▶ [Problem to solve] Pick every line out of the entries below that has the string "Tube", and copy it.

[Source records]
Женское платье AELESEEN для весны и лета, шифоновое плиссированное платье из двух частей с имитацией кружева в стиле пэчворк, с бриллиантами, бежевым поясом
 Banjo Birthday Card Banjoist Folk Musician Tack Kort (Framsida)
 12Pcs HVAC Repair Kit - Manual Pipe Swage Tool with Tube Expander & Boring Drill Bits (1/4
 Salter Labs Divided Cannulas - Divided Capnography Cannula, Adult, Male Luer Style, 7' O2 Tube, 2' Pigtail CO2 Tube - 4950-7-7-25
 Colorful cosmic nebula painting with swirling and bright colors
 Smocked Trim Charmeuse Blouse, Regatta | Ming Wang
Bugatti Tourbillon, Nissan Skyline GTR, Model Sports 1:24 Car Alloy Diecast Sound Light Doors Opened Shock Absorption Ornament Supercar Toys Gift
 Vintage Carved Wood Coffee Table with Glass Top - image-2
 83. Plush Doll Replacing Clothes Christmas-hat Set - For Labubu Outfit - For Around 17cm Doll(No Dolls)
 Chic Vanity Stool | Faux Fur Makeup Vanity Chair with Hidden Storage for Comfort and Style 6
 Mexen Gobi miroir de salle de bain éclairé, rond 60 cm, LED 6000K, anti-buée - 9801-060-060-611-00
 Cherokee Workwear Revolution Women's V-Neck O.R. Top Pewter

▶ [Worked solution]
 12Pcs HVAC Repair Kit - Manual Pipe Swage Tool with Tube Expander & Boring Drill Bits (1/4
 Salter Labs Divided Cannulas - Divided Capnography Cannula, Adult, Male Luer Style, 7' O2 Tube, 2' Pigtail CO2 Tube - 4950-7-7-25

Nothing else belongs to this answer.